Como cobrar punição rigorosa para bandidos sem farda se os maus policiais já contam com licença para matar e, caso o futuro governo cumpra a promessa de ampliar os excludentes de ilicitude, abusarão ainda mais da impunidade institucional para transformar a premissa de proteger o cidadão em aparato de genocídio? Qual o sentido de dizer que os direitos humanos atrapalham o trabalho da polícia ao passo que um de seus propósitos é evitar que agentes de corporações militares arrisquem a vida em guerras sem sentido? Por que acreditar que a redução da maioridade penal pode diminuir a violência sem antes levar em consideração que, numa mesma cidade, convivem jovens que saem da sala de aula preparados para o vestibular e outros, da mesma idade, que se escondem de tiroteios debaixo das carteiras? O que se esconde por trás de tantos apelos em prol da revogação do Estatuto do Desarmamento em um dos países mais perigosos para ativistas e militantes, capaz de promover um notório estimulador do ódio a movimentos sociais a ministro do Meio Ambiente no mesmo fim de semana do assassinato de dois trabalhadores sem terra? A perspectiva das campanhas difamatórias contra os direitos humanos despreza a realidade, dados e inúmeros estudos que refutam a tese de que a maioria da população desfruta de direitos demais.

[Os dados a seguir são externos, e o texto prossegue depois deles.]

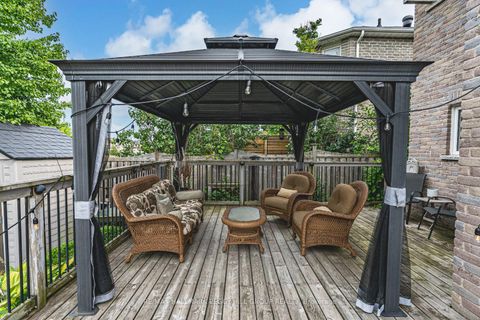 Photo 16 at 86 Penvill Trail, Ardagh, Barrie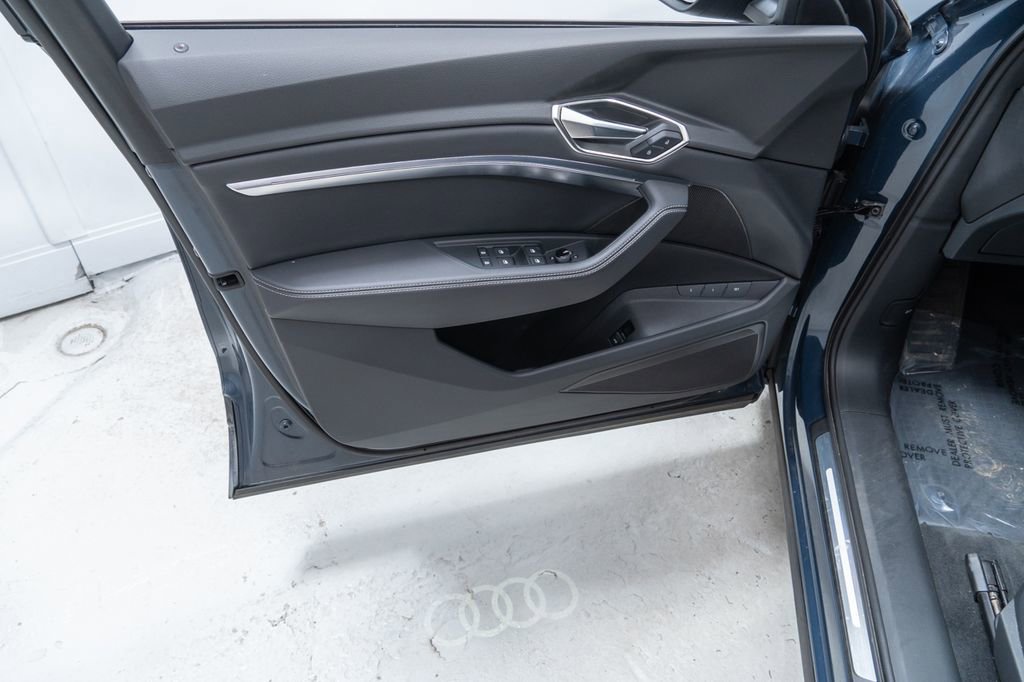 Used 2024 Audi Q8 e-tron Premium image 23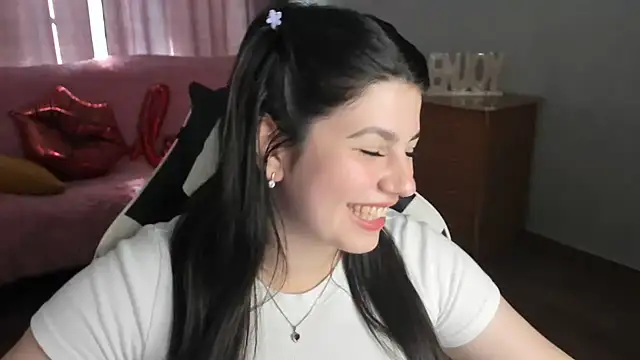 Chatroom XXX en direct de KisaModel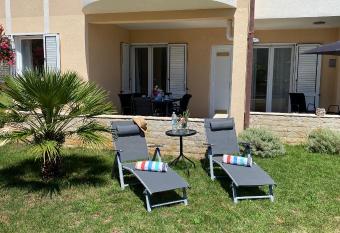 Apartment Green Garden allows 18 year olds to book a room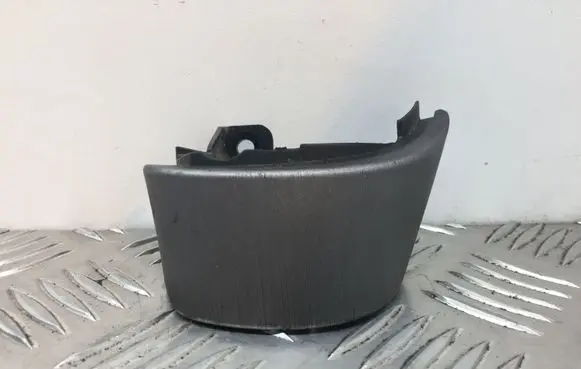Toyota RAV 4 (XA20) Steering wheel trim 5810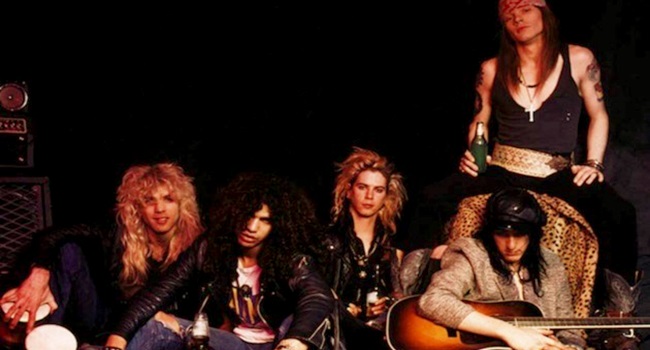 Guns N’ Roses retira música racista e homofóbica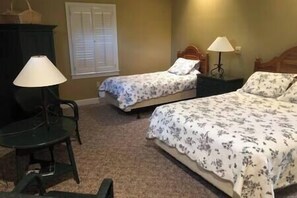 4 室のベッドルーム、アイロン / アイロン台、WiFi、ベッドシーツ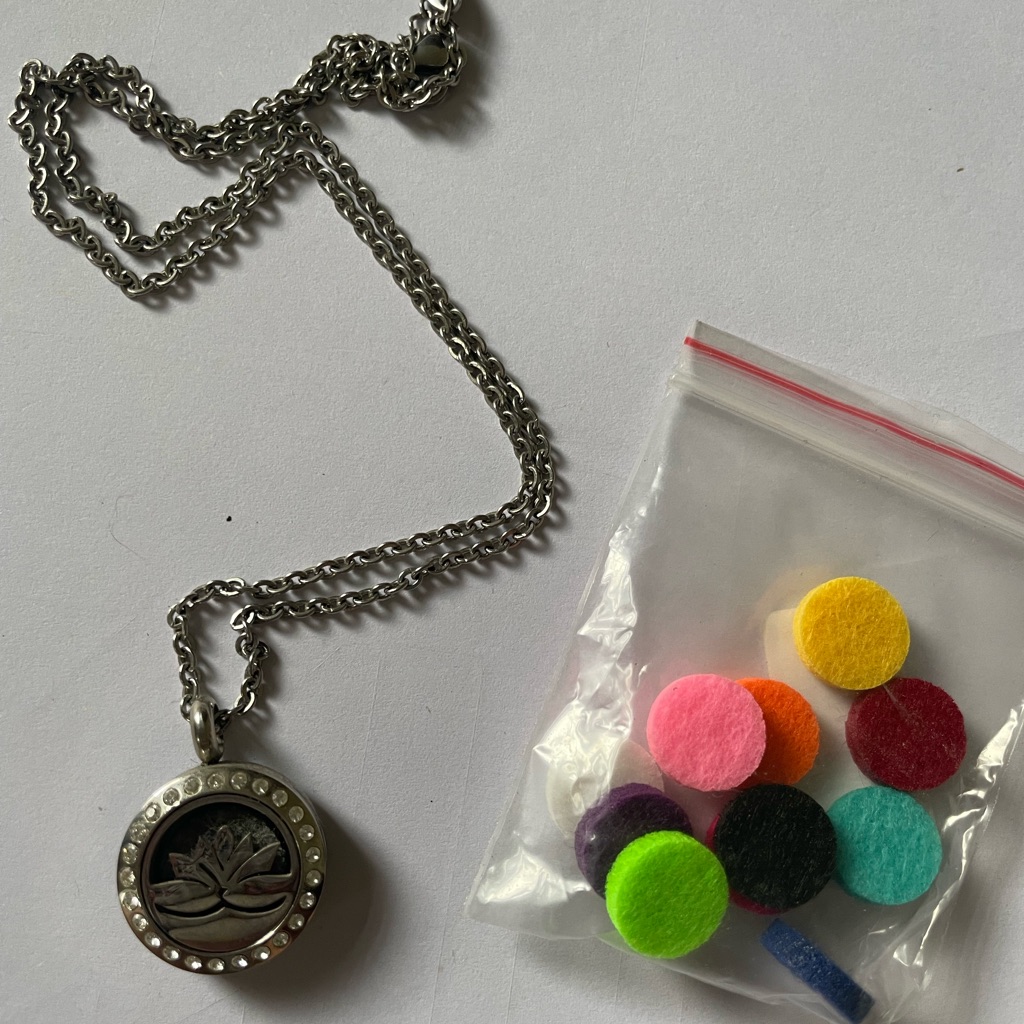 Oil Diffusing Necklace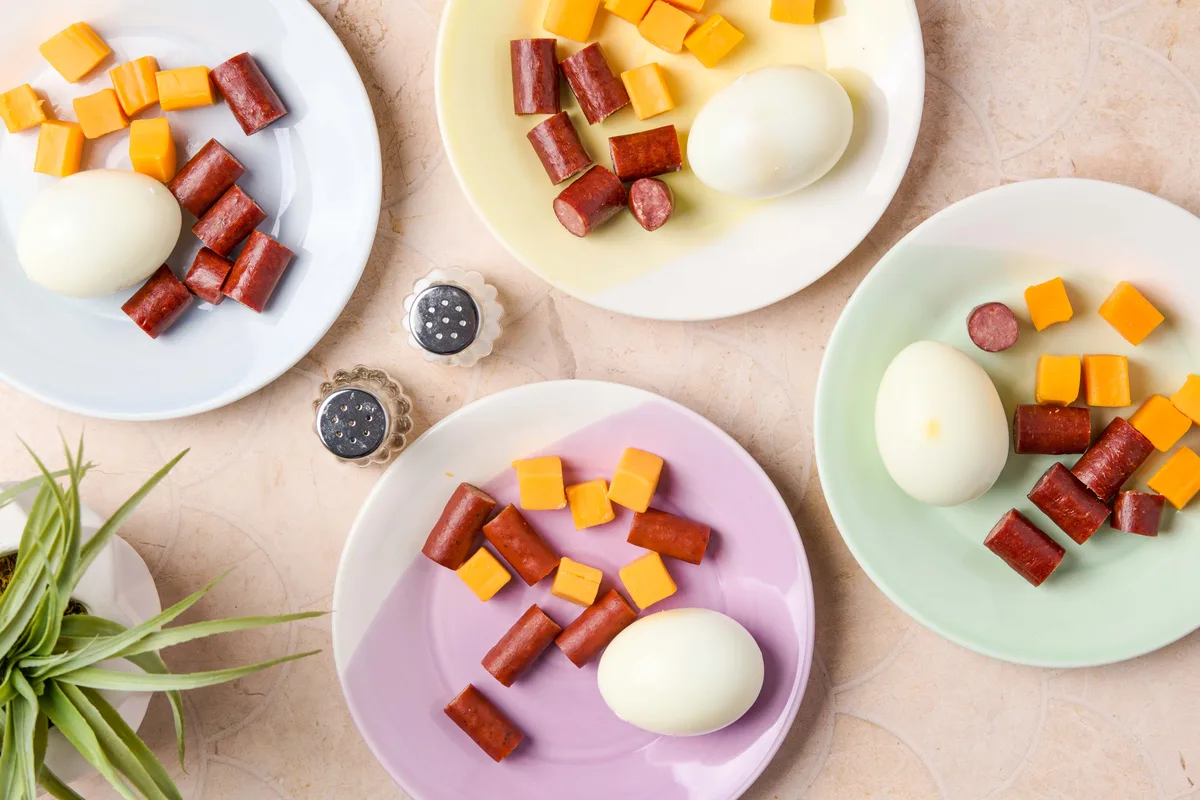 Boiled Egg, Beef Sausage & Mild Cheddar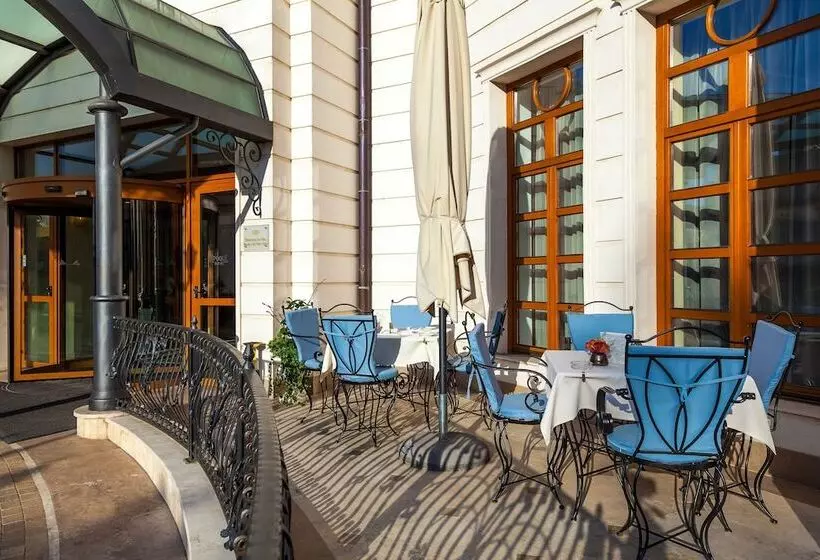 Epoque Hotel   Relais & Chateaux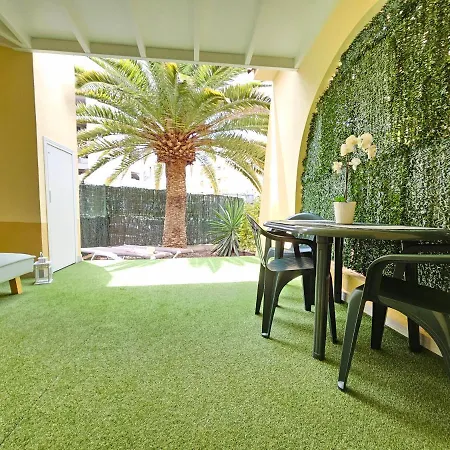 & Refreshing Pool Holidays Air-conditioning , Apartment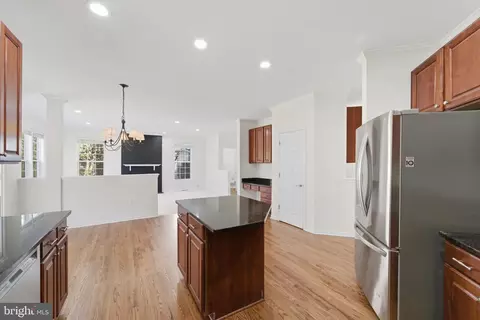 Entry Way - 20811 Fenwick Dr, Ashburn, VA 20147 photo 3 of 8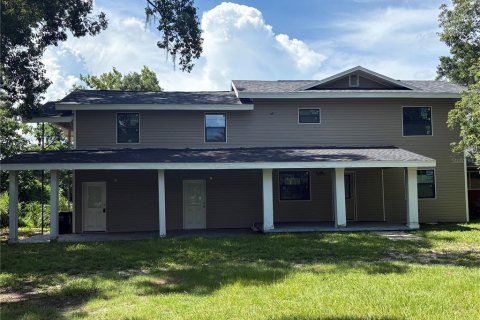 House in Lakeland, Florida 4 bedrooms, 269.23 sq.m. № 1791840 - photo 16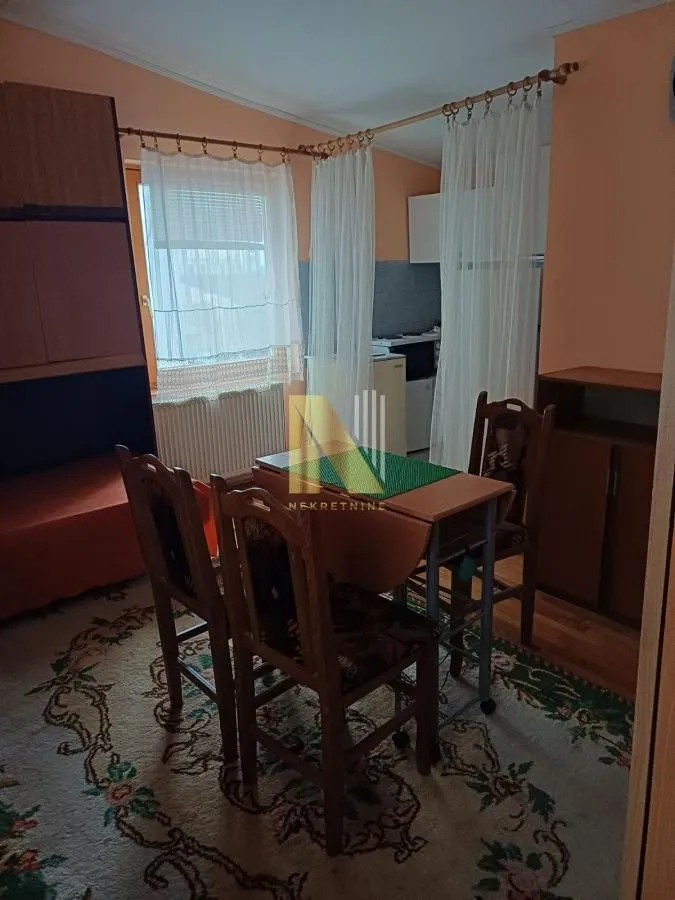 Prodaja, garsonjera, 21m², Salajka, Novi Sad Sve Podlokacije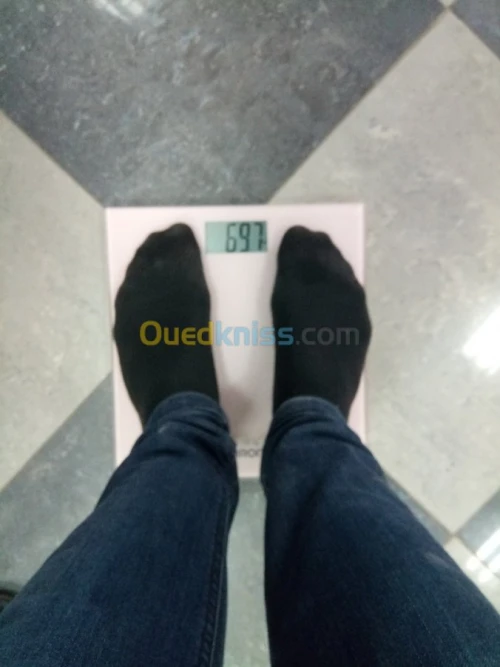 pèse personne électronique ☆☆ OMRON ☆☆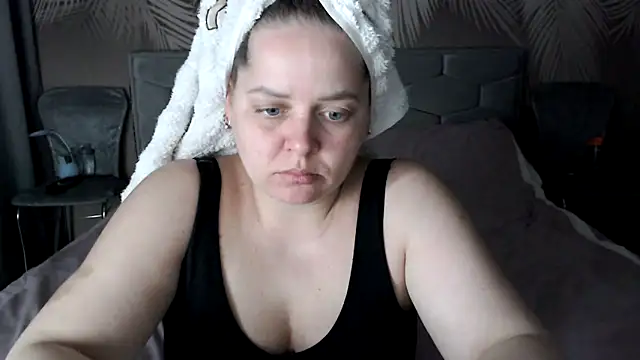 Snapshot of uliastar chatting on April 7, 2026, 7:32 am uliastar online show from April 7, 2026, 7:32 am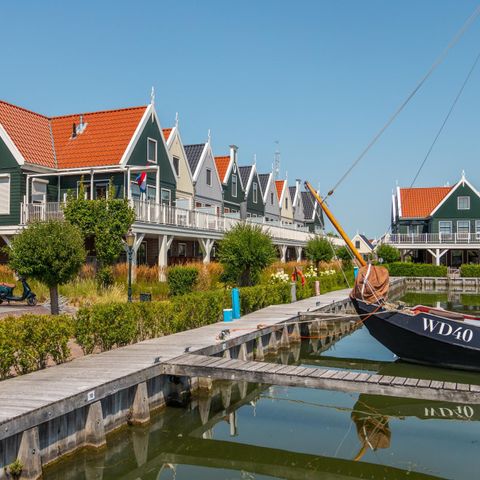 APARTMENT 8 people - South Sea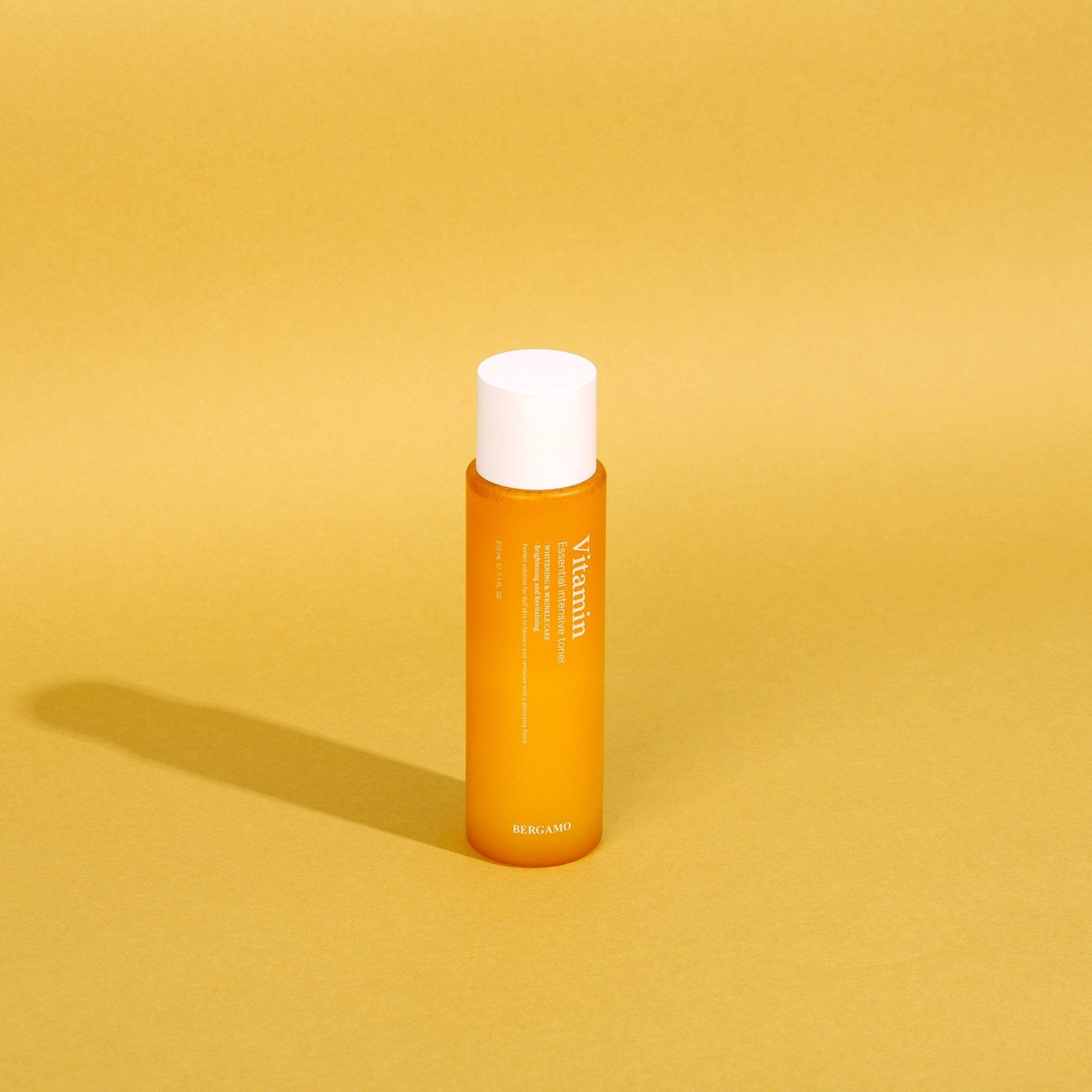 TONER VITAMIN SÁNG DA BERGAMO VITAMIN ESSENTIAL INTENSIVE TONER 210ML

Não por acaso, a Declaração Universal dos Direitos Humanos sublinha que “toda pessoa tem direito à educação”. Seus mandamentos deveriam ser disciplina obrigatória nas escolas. O ser humano que não conhece os próprios direitos está fadado a se resignar à tirania de quem trata garantias básicas como privilégios, banaliza a matança e sentencia que as minorias se curvem à maioria. O termo “minorias”, para que fique claro, não está relacionado ao tamanho de um grupo, mas sim a seu grau de vulnerabilidade: pobres, negros, mulheres, índios, LGBTs. Os direitos humanos têm de estar ao alcance de todos, mas, principalmente, dos humanos sem direitos.